Что было всего удивительнее в нашем молчании, это отсутствие в нем всякой загадочности. Оно было точным и означало только то, что означало. Оно точно соответствовало полноте нашего одиночества вдвоем. В те минуты, когда оно продолжалось, оно тем самым было полно смысла не только для нас двоих, оно было осмысленно в себе самом. Для меня оно оказалось тогда неожиданным опытом, обогатившим меня. Сегодня оно мне кажется уже слегка лишенным того смысла, как письмо, написанное «кровью сердца», несколько лет спустя кажется напыщенным и нелепым, так что и читать-то его совестно. Или еще (чтобы сравнение не было таким пышным) — как те рожи, которые я имею привычку рисовать на полях этой тетради: пока рисуешь их, видишь в них то смешное, то страшное, то «мисс Америку», то монгола, то клоуна, то пастора, а через минуту они уже не значат ничего: просто какие-то профили, скверно нарисованные, безжизненные и плоские.
Но в те минуты, в которые мы молчали вместе (почему именно с ним, а не с Леддом, который всегда столько говорил, или не с Б., или не с Володей), в те минуты, которые, что бы ни было, останутся во мне надолго, я знаю точно, о чем мы оба вместе думали: о «железной эпохе» и «собственной покинутости», о тысячелетнем сне мамонта, о конце общего Бога (не замыкавшего человека в свой отдельный от мира круг), о востоке Европы, из которого Смирнов недавно приехал, и о ближайших месяцах, которые задавят нас, быть может, или только придавят, но в которых, несмотря ни на что, еще есть, еще теплится, еще жива для нас одна надежда. Может быть, может быть. Об этом было наше молчание.
Глава четырнадцатая
Зай уже неделю лежала больная.

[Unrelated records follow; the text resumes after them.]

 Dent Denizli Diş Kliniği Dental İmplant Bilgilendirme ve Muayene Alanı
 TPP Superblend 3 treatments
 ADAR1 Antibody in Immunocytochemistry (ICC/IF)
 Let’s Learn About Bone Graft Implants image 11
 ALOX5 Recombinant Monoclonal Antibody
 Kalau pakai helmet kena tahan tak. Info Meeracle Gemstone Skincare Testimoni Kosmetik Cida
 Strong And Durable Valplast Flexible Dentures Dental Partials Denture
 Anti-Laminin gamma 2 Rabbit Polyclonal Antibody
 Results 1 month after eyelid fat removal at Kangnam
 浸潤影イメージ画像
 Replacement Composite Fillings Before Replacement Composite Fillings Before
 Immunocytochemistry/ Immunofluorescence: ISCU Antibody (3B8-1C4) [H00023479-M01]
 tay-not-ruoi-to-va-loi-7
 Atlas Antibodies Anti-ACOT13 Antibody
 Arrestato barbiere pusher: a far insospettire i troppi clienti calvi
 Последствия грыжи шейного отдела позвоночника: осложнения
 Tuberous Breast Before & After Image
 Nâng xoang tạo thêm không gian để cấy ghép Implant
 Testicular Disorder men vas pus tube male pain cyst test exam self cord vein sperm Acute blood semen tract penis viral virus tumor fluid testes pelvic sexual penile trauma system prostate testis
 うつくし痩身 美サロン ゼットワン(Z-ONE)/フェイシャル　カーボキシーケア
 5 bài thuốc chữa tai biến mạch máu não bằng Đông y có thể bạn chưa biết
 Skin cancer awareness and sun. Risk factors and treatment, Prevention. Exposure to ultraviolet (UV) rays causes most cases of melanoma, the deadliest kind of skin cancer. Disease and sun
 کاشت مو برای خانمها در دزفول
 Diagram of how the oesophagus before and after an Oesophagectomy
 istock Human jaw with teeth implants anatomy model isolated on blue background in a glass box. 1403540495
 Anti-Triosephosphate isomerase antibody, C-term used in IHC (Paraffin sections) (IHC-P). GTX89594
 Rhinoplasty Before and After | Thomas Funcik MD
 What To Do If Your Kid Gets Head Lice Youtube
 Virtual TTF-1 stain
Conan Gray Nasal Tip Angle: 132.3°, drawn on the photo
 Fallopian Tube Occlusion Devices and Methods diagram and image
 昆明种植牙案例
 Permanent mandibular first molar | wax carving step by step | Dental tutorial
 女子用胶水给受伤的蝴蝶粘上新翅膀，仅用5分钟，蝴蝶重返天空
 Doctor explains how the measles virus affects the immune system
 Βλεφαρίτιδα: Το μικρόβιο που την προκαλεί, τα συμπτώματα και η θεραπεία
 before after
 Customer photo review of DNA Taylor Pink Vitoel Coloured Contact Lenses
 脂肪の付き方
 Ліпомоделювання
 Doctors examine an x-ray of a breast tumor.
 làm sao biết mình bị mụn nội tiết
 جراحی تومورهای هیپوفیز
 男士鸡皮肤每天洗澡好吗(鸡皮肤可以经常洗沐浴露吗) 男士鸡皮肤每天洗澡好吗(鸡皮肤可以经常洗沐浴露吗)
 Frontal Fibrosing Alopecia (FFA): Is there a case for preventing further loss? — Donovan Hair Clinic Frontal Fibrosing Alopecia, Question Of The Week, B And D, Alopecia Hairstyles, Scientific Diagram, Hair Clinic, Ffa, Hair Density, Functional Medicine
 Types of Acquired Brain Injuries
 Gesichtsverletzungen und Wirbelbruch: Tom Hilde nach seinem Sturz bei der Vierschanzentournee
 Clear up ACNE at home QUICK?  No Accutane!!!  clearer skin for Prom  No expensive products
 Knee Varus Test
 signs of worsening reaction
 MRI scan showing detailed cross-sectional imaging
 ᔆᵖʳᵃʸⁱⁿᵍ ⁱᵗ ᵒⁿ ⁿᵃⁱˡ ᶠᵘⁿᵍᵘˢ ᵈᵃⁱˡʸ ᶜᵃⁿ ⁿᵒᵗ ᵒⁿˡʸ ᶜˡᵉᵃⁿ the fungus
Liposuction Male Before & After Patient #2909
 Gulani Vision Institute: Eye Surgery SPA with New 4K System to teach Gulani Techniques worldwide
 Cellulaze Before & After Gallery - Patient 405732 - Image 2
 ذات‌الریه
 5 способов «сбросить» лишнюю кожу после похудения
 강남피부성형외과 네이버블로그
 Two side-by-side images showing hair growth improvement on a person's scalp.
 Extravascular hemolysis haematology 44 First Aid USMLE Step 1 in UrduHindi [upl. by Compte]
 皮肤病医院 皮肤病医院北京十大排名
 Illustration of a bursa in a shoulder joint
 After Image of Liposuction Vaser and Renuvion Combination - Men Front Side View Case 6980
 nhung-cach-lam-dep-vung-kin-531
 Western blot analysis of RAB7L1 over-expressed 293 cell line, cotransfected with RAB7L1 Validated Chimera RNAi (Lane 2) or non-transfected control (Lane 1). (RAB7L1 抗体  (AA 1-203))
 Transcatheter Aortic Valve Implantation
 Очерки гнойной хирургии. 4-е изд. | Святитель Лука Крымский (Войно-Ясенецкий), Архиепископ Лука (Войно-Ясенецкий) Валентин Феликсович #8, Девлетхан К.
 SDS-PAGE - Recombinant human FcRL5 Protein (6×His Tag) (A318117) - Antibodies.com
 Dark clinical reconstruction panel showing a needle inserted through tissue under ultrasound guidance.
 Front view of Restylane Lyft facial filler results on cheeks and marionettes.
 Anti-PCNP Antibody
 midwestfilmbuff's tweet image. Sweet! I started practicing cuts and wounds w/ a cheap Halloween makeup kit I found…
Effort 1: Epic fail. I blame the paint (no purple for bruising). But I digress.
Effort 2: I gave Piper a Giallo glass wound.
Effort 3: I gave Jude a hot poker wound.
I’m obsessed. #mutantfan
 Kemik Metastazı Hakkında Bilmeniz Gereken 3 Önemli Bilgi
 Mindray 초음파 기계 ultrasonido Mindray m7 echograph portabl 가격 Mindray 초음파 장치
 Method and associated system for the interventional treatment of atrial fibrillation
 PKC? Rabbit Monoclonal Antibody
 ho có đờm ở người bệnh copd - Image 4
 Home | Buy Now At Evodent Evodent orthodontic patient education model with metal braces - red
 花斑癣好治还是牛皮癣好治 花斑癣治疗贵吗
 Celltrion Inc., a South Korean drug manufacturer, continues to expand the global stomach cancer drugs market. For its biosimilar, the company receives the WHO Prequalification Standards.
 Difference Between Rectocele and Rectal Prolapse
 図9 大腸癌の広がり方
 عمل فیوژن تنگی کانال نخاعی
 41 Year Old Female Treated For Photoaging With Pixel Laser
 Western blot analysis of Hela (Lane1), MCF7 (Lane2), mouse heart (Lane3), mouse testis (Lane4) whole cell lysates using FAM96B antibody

У нее была высокая температура, болели горло и ухо, и она почти все время спала. Когда она открывала глаза, она видела комнату, пустую и громадную, но через несколько мгновений все становилось на место: столы и стулья, книги, окно и даже Дашина кровать, до сих пор стоящая у противоположной стены, все возникало почти сразу, стены смыкались, и она опять, успокоенная, закрывала глаза.